People from out of state who voted for Obama — or whose neighbors or friends at church did — probably weren’t interested in such statements. Decent people don’t like being called racists and told their religion needs to be changed (by the government?).

Clinton’s campaign strategy to win over people outside of Brooklyn and Manhattan was to fly West Wing actors to Ohio and have a concert with Beyonce and Lady Gaga in Philadelphia. That’s enough!

Another factor that worked against Clinton in the Midwestern states was honesty.

People in the Midwest value honesty. They respond to public officials who break the law, flout regulations, repeatedly lie and try to cover it up, like Clinton did with her secret email servers.

In the 1970s, the Midwest, far from the state, had broken against the Republicans over Watergate. Democratic victories in two special elections for the House of Representatives in Michigan in 1974 signaled voter dissatisfaction with Richard Nixon, and Democrats swept the fall elections.

Dozens of Democratic politicians launched long, successful careers out of state during the Watergate era.
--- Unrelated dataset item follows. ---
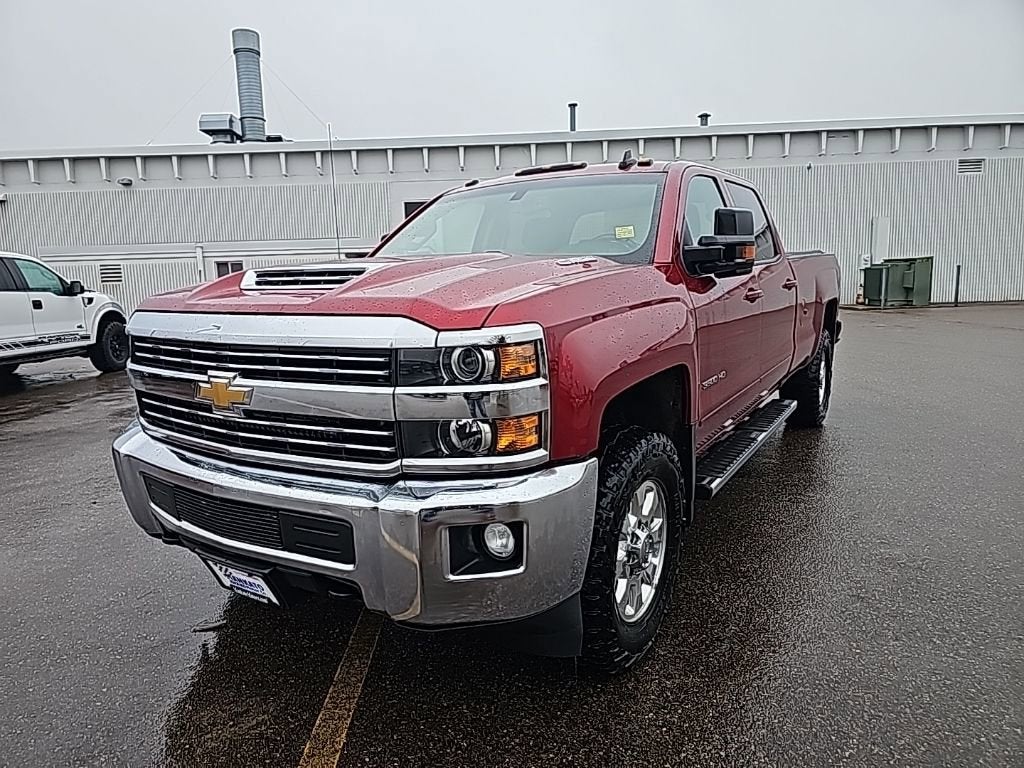 2018 Chevrolet Silverado 3500 HD LT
Liberal pundits Jonathan Alter and EJ Dionne have called Clinton’s email lawbreaking and lies non-scandals. They may not have been scandals in Chicago and Massachusetts, where they grew up, but they were in the distant Midwest.
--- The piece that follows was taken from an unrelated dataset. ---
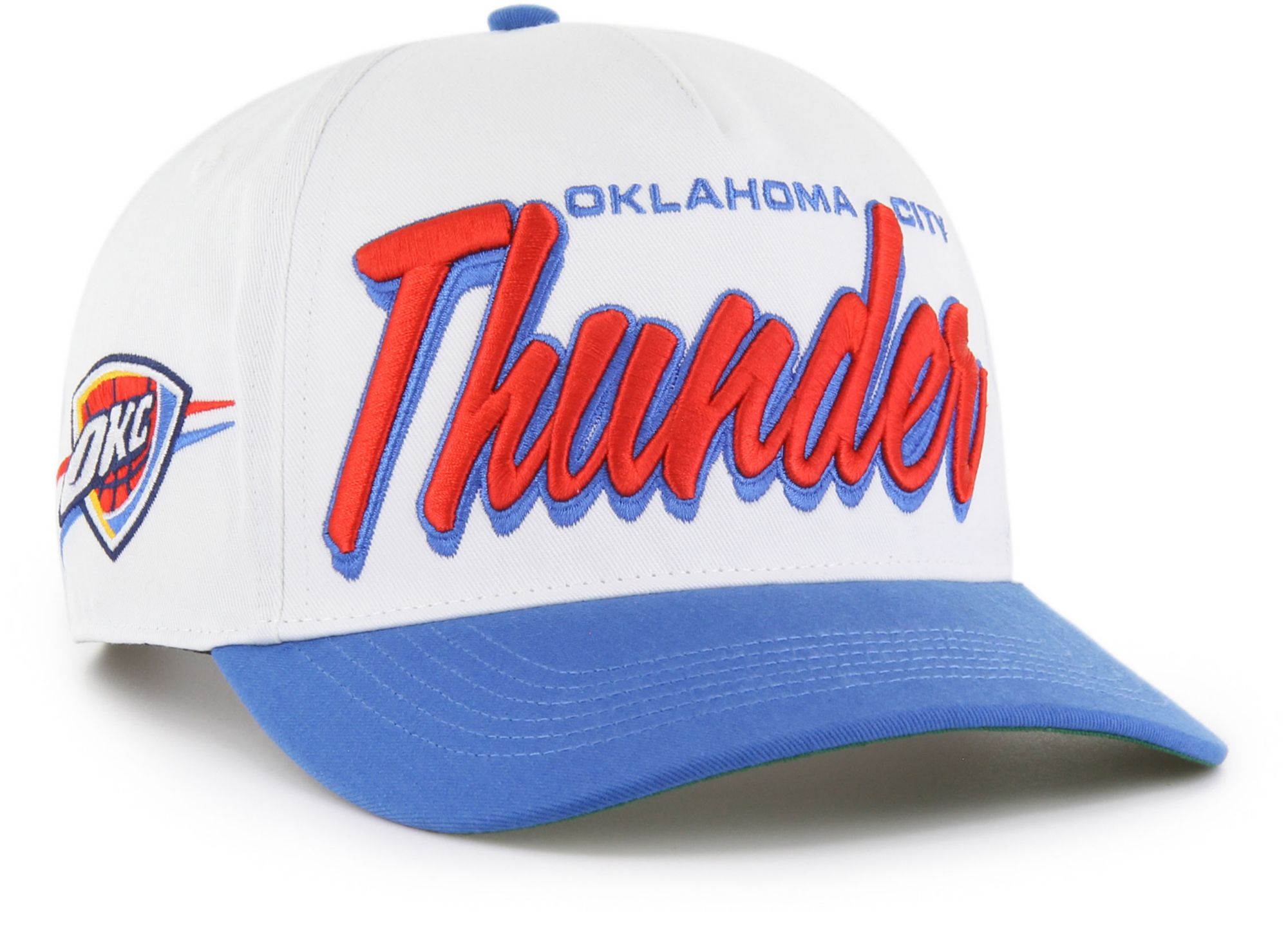 '47 Adult Oklahoma City Thunder Shadow Hitch Adjustable Hat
Clues to Clinton’s general election weakness came in the Democratic primaries, when she lost in Wisconsin and Michigan and narrowly tied in Iowa, Ohio, and Pennsylvania. Perhaps the voters in those states were not voting for Bernie Sanders’ socialism, but against Clinton’s “damn emails.”

Clinton’s team now claims it was defeated by the intervention of FBI Director James Comey. But Comey would not have been heard if Clinton had not broken the law. He is a loser in an out-of-state Midwest vote — and a loser in an American election.